The Lake Victoria basin of central Uganda has been Chapman’s second home for much of the last 16 years, and from her base camp among the papyrus swamps of Kibale National Park, she learned the story of the Nile perch. One current of her research looks at how some fish, including some cichlids, may have dodged the perch’s teeth by taking refuge in swampy hypoxic waters, waiting to return to their preferred habitat when the environment was friendlier. Today, researchers are finding that some species in decline, or even thought extinct, are reappearing, and the cichlids that have returned are once again preferred morsels for the ravenous but now less numerous perch.

“The fishery is important to the economies of the countries on Lake Victoria,” says Chapman. “We’re trying to determine if there is an optimum fishing pressure that would enable the cichlids to continue coming back while allowing the perch to feed on them.” An important advantage of Uganda and similar developing countries is that there are fewer levels between the scientists and the upper bureaucracy, “so you can contribute directly to conservation policy,” says Chapman, who has also been active in training young African scientists with local experience and knowledge.

Scientists in the field refer to “extinction debt,” which is the future loss of species as a consequence of past actions. Much like a financial loan, it merely postpones the inevitable.
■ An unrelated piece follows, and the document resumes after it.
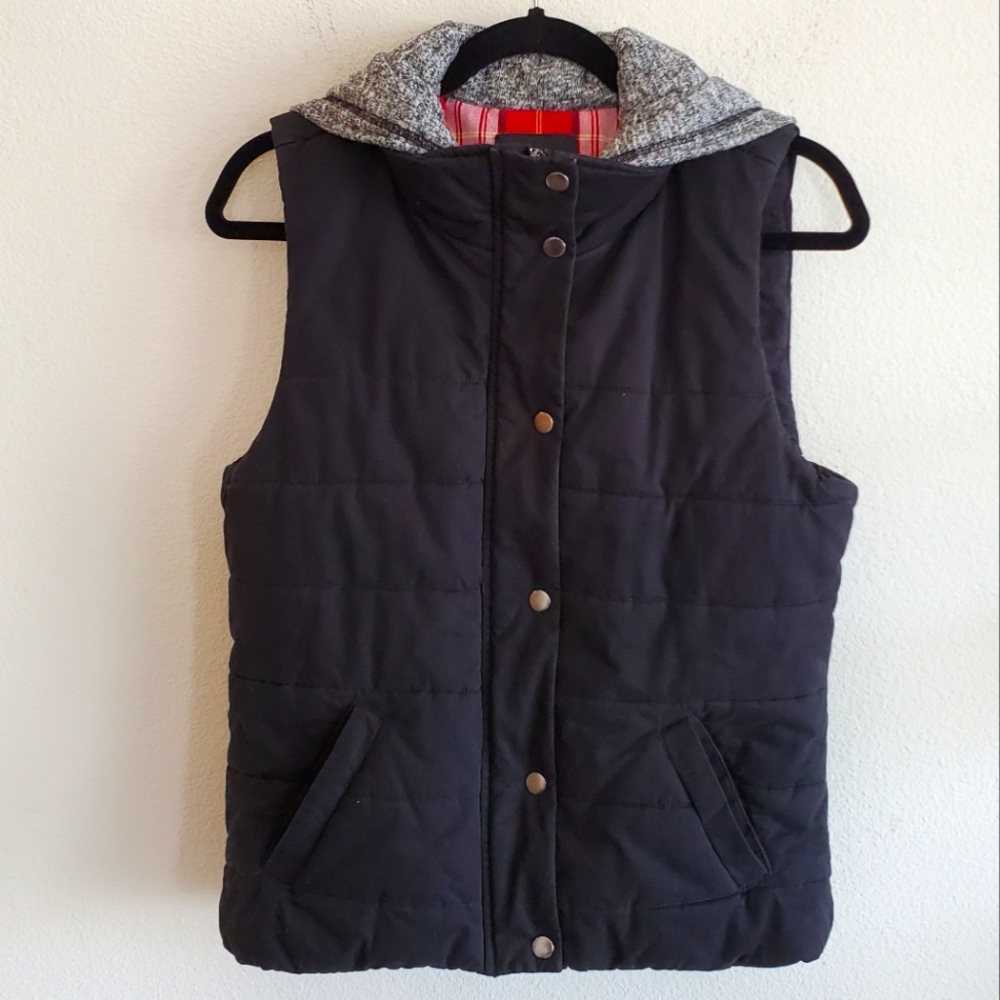 Quilted Hooded Black Puffer Vest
“We are seeing a long-term delay in the extinction of species,” says Andy Gonzalez, holder of the Canada Research Chair in Biodiversity. “But eventually, as the pressures of living in little isolated communities bear upon them, that extinction debt will be paid.”

Caption follows
Many species are living on borrowed time, according to Professor Andy Gonzalez.
Owen Egan

Gonzalez develops models to track the impact of landscape fragmentation on biodiversity. “We use greenhouse models to shrink a forest to a Lilliputian scale, where we can recreate the pressures we see in larger-scale landscapes,” he explains. “And we find the same patterns of extinction, including extinction debt.” The removal of one tiny organism may have profound consequences for the ecosystem. For instance, the loss of cyanobacteria (or blue-green algae), which lives in the mossy forest floor where it takes nitrogen from the atmosphere and makes it available to plants, may alter the nitrogen cycle upon which plant diversity depends, thus altering the growth of the entire forest.

Righting the Scales

One of the biggest players in any ecosystem is, of course, Homo sapiens, although we’re often excluded from models of ecological change. “For too long ecology has tried to study only so-called ‘natural systems,’ and has not incorporated the human species,” says philosophy professor Greg Mikkelson, who also teaches in the School of Environment. “At the same time, economic models have not included the environment. But the economy is a subsystem embedded within the ecosystem – and since the whole ecosystem is not growing, the economy cannot grow forever either. How do we find the right scale of activity for the biosphere?”

The biodiversity challenge involves no less than understanding the relations between all the organisms comprising an ecosystem and then finding sustainable ways for humans to live with other species. “This task demands that we bring together taxonomists, ecologists, social scientists, economists, policy specialists and philosophers – we can’t understand biodiversity by working independently,” Loreau stresses, and McGill, by supporting interdisciplinary teams of researchers, as well as through the McGill School of Environment, has become a national leader.

While much diversity has already been lost around the globe, there are reasons to hope that by bringing together creative research and far-thinking policy initiatives, we may find a way to reverse the current direction. After all, in Lake Victoria some of the lost cichlids have recovered and returned to their home waters – a small fraction of the total numbers lost, but an encouraging fish tale nonetheless.